Während der Prüfung üben wir pflichtgemäßes Ermessen aus und bewahren eine kritische Grundhaltung. Darüber hinaus

identifizieren und beurteilen wir die Risiken wesentlicher - beabsichtigter oder unbeabsichtigter - falscher Darstellungen im Jahresabschluss und im Lagebericht, planen und führen Prüfungshandlungen als Reaktion auf diese Risiken durch sowie erlangen Prüfungsnachweise, die ausreichend und geeignet sind, um als Grundlage für unsere Prüfungsurteile zu dienen. Das Risiko, dass wesentliche falsche Darstellungen nicht aufgedeckt werden, ist bei Verstößen höher als bei Unrichtigkeiten, da Verstöße betrügerisches Zusammenwirken, Fälschungen, beabsichtigte Unvollständigkeiten, irreführende Darstellungen bzw. das Außerkraftsetzen interner Kontrollen beinhalten können.

gewinnen wir ein Verständnis von dem für die Prüfung des Jahresabschlusses relevanten internen Kontrollsystem und den für die Prüfung des Lageberichts relevanten Vorkehrungen und Maßnahmen, um Prüfungshandlungen zu planen, die unter den gegebenen Umständen angemessen sind, jedoch nicht mit dem Ziel, ein Prüfungsurteil zur Wirksamkeit dieser Systeme der Gesellschaft abzugeben.

beurteilen wir die Angemessenheit der von den gesetzlichen Vertretern angewandten Rechnungslegungsmethoden sowie die Vertretbarkeit der von den gesetzlichen Vertretern dargestellten geschätzten Werte und damit zusammenhängenden Angaben.

ziehen wir Schlussfolgerungen über die Angemessenheit des von den gesetzlichen Vertretern angewandten Rechnungslegungsgrundsatzes der Fortführung der Unternehmenstätigkeit sowie, auf der Grundlage der erlangten Prüfungsnachweise, ob eine wesentliche Unsicherheit im Zusammenhang mit Ereignissen oder Gegebenheiten besteht, die bedeutsame Zweifel an der Fähigkeit der Gesellschaft zur Fortführung der Unternehmenstätigkeit aufwerfen können. Falls wir zu dem Schluss kommen, dass eine wesentliche Unsicherheit besteht, sind wir verpflichtet, im Bestätigungsvermerk auf die dazugehörigen Angaben im Jahresabschluss und im Lagebericht aufmerksam zu machen oder, falls diese Angaben unangemessen sind, unser jeweiliges Prüfungsurteil zu modifizieren. Wir ziehen unsere Schlussfolgerungen auf der Grundlage der bis zum Datum unseres Bestätigungsvermerks erlangten Prüfungsnachweise. Zukünftige Ereignisse oder Gegebenheiten können jedoch dazu führen, dass die Gesellschaft ihre Unternehmenstätigkeit nicht mehr fortführen kann.

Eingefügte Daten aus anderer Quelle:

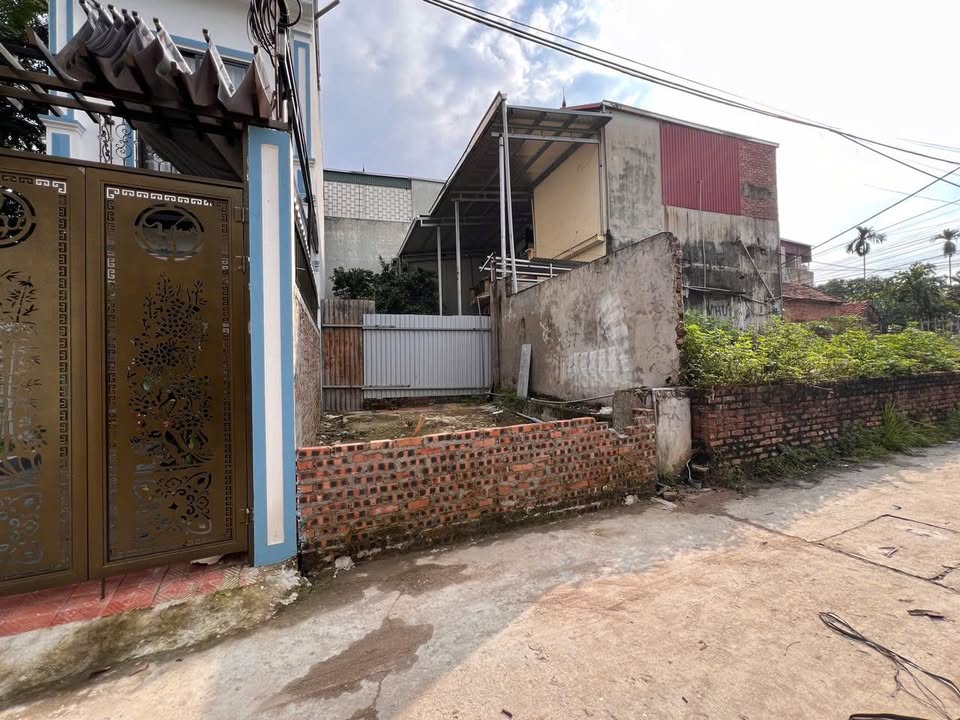 Đất thổ cư Sơn Đồng - Thạch Thất 45.7m² giá 3.8 tỷ - Đường thông thoáng, xây nhà đẹp!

beurteilen wir die Gesamtdarstellung, den Aufbau und den Inhalt des Jahresabschlusses einschließlich der Angaben sowie ob der Jahresabschluss die zugrunde liegenden Geschäftsvorfälle und Ereignisse so darstellt, dass der Jahresabschluss unter Beachtung der deutschen Grundsätze ordnungsmäßiger Buchführung ein den tatsächlichen Verhältnissen entsprechendes Bild der Vermögens-, Finanz- und Ertragslage der Gesellschaft vermittelt.

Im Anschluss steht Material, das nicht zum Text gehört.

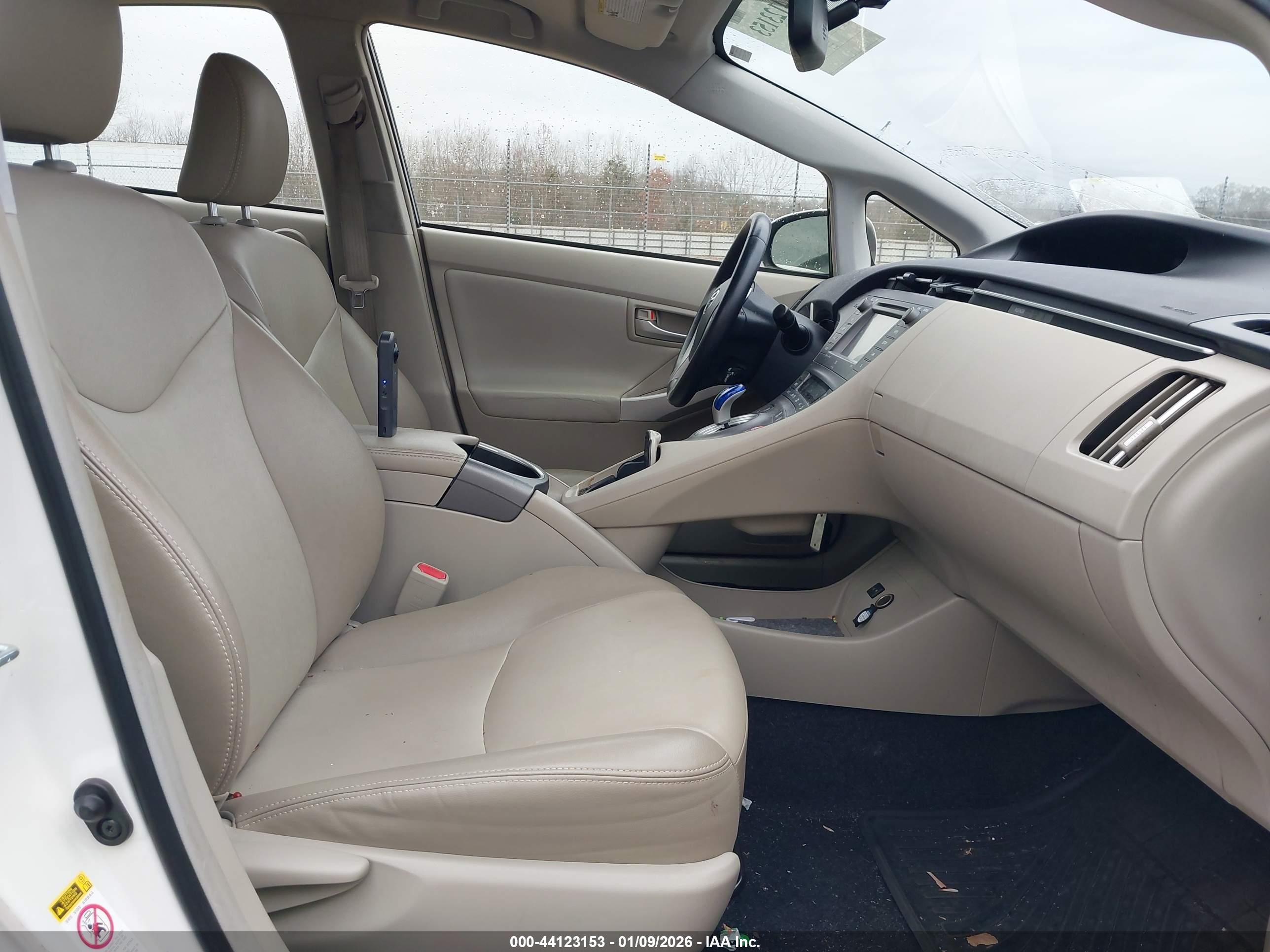 TOYOTA PRIUS image 5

beurteilen wir den Einklang des Lageberichts mit dem Jahresabschluss, seine Gesetzesentsprechung und das von ihm vermittelte Bild von der Lage der Gesellschaft.

führen wir Prüfungshandlungen zu den von den gesetzlichen Vertretern dargestellten zukunftsorientierten Angaben im Lagebericht durch. Auf Basis ausreichender geeigneter Prüfungsnachweise vollziehen wir dabei insbesondere die den zukunftsorientierten Angaben von den gesetzlichen Vertretern zugrunde gelegten bedeutsamen Annahmen nach und beurteilen die sachgerechte Ableitung der zukunftsorientierten Angaben aus diesen Annahmen. Ein eigenständiges Prüfungsurteil zu den zukunftsorientierten Angaben sowie zu den zugrunde liegenden Annahmen geben wir nicht ab. Es besteht ein erhebliches unvermeidbares Risiko, dass künftige Ereignisse wesentlich von den zukunftsorientierten Angaben abweichen.

Wir erörtern mit den für die Überwachung Verantwortlichen unter anderem den geplanten Umfang und die Zeitplanung der Prüfung sowie bedeutsame Prüfungsfeststellungen, einschließlich etwaiger Mängel im internen Kontrollsystem, die wir während unserer Prüfung feststellen.

 

Heppenheim, den 10. März 2021

FALK GmbH & Co KG
Wirtschaftsprüfungsgesellschaft
Steuerberatungsgesellschaft

Dr. Wünsche, Wirtschaftsprüfer

Becker-Gramlich, Wirtschaftsprüferin

Feststellung des Jahresabschlusses der Sanner GmbH, Bensheim

Der Jahresabschluss auf den 31. Dezember 2020 wurde von der Gesellschafterversammlung im am 24. August 2021 festgestellt.